# where can i buy cheap locusts



## XxLauraxX (Apr 17, 2012)

i have a bearded dragon that loves his locusts and im going through about 2 tubs a week which is costing me £20 a month in total! is there anywhere online where i can buy locusts in bulk like 50 or a 100 at a time cus im sure that would work out cheaper? i don't want to breed them as ive started up a dubia roach breeding colony im just waiting for them to increase in numbers so for the moment im sticking with locusts, any websites you can give me or even any ebay sellers please send me the link  thanks


----------



## Scales and Fangs (Mar 22, 2007)

Scalesandfangs.co.uk

At present our tub prices work out cheaper than buying bulk bags due to the quantities we put in each tub. 

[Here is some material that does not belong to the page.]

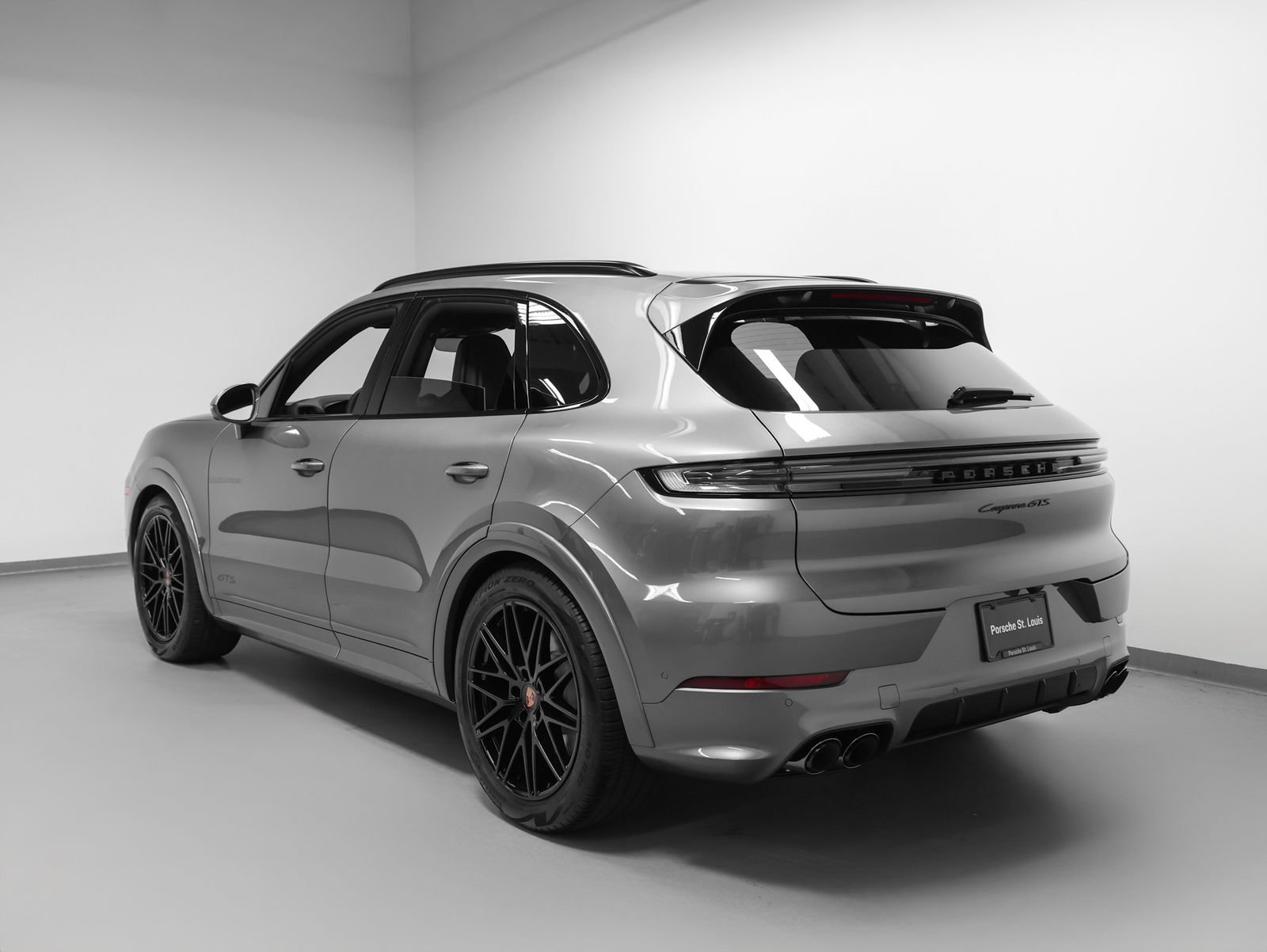 New 2026 Porsche Cayenne GTS AWD/4WD image 3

We sell super tubs of locust for just £2 per tub.


----------



## LFG (Apr 2, 2007)

Tubs and bulk available at very competitive prices from the link below...


----------



## knowlex (May 13, 2011)

I use Live Foods they have always bin great and its free delivery i get the sacks of 50 and keep em in a large plastic tank feed em green veg and keep em warm and they last ages


----------



## XxLauraxX (Apr 17, 2012)

thanks  the only thing im worried about getting locusts in bulk is that they will either end up dying or get to that huge adult size where they get those creepy wings! as i only have 1 beardie x


----------



## Bab1084 (Dec 9, 2011)

I use www.internetreptile.com or www.rickslivefood.co.uk

Internet reptile has free delivery

If your beardie is an adult i wouldnt worry about the locusts getting the wings my beardie chomps through those with no problems


----------



## PhillyDee (May 17, 2010)

Aaahhh, to only have 1 beardie!


----------



## Ben.M (Mar 2, 2008)

knowlex said:


> I use Live Foods they have always bin great and its free delivery i get the sacks of 50 and keep em in a large plastic tank feed em green veg and keep em warm and they last ages


Probably the best price (inc. P&P) that you'll find online, I've bought from them before and would definitely recommend


----------



## sam n mushu (Jun 4, 2012)

i only have one aswell and he loves the big ones with wings haha lol


----------



## XxLauraxX (Apr 17, 2012)

or this could also be a good reason to get another 1 or 2 bearded dragons.....hehe x


----------